Mrs. Regina Marquez, Mr. Mario Rivera, and Ms. Debbie Alpert all encouraged me to think about the world beyond our classrooms. They constantly pushed me to imagine a future for myself outside of our local colleges and think about the many walks of life that make up our world. And perhaps most importantly, they instilled in me the desire to give back. They taught me to value community involvement and showed me the importance of helping others access the same opportunities that I did.
With the encouragement and support of these incredible educators, I attended community college and then transferred to the University of California, Santa Barbara. There, I had the chance to live in the dorms, join sports, participate in many extra-curricular activities and study abroad in Paris. In short, I had the best time of my life.
During my years at UCSB, I began to realize how I could live out the values that Mrs. Marquez, Mr. Rivera, and Ms. Alpert instilled in me. I had the chance to visit a number of local public schools — a few miles down the road but worlds away from our pristine quads and classrooms. Seeing the discrepancies in academic achievement and facilities connected directly to the classes I’d been taking ignited my passion for social justice. As I learned more, I began to view the classroom as the singular most powerful place to have the kind of impact I imagined.

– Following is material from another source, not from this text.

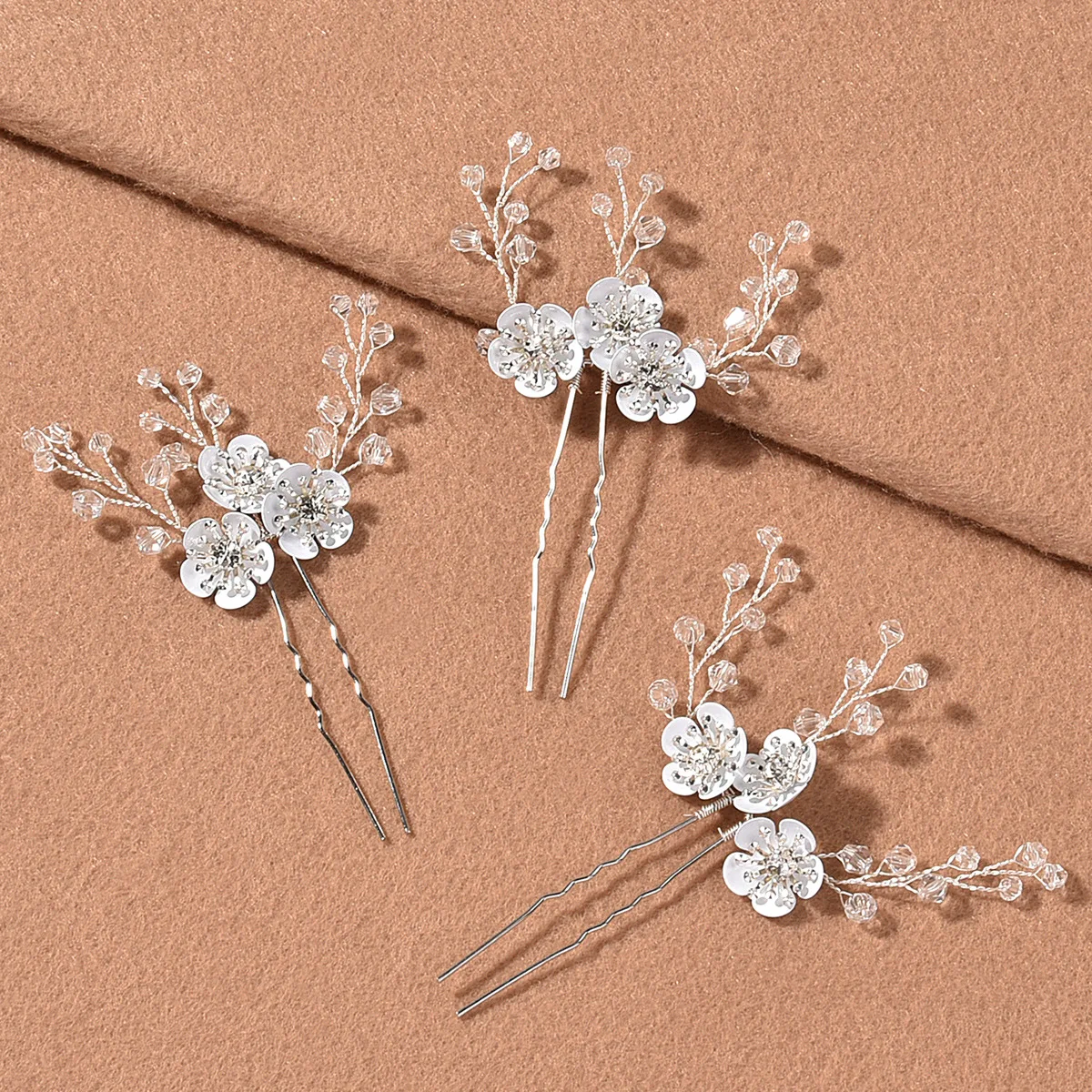 3D Flower Hairpin U Shaped Hair Pins Clips Floral Headpiecs for Women Girls Bride Wedding Party Headwear Hair Jewelry jewelry accessories,hair accessory,hair clip,hair headdress,bridal headwear,pearl hairpins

After I graduated, I joined Teach For America, an organization that enlists recent grads and career-changers to teach in low-income communities and become leaders in the movement for educational equity. I spent four years in the classroom, served as a principal teacher in residence, then went on to earn my master’s in Education Policy and Administration. Now, I now serve as assistant principal at PUC Community Charter Middle School in the San Fernando Valley. Every day, I feel blessed to be able to give back to the community that gave me so much.
Looking at my students, I see so much of myself – from the community and culture we share to the challenges we’ve faced. In my own academic life, I’ve questioned if I had what it took to be successful. Studying never came easy to me and there were so many cultural messages pulling me away from applying myself in school. But I also know how crucial the support of my teachers was in overcoming these obstacles, and I strive every day to be a role model, an advocate, and a support system for my kids the way Mrs. Marquez, Mr. Rivera, and Ms. Alpert were for me.
The role of committed educators in helping kids dream big and realize those dreams cannot be overstated. So whether you’re looking to make an impact yourself or know someone who is, consider teaching. Together, we can give our kids the futures they deserve.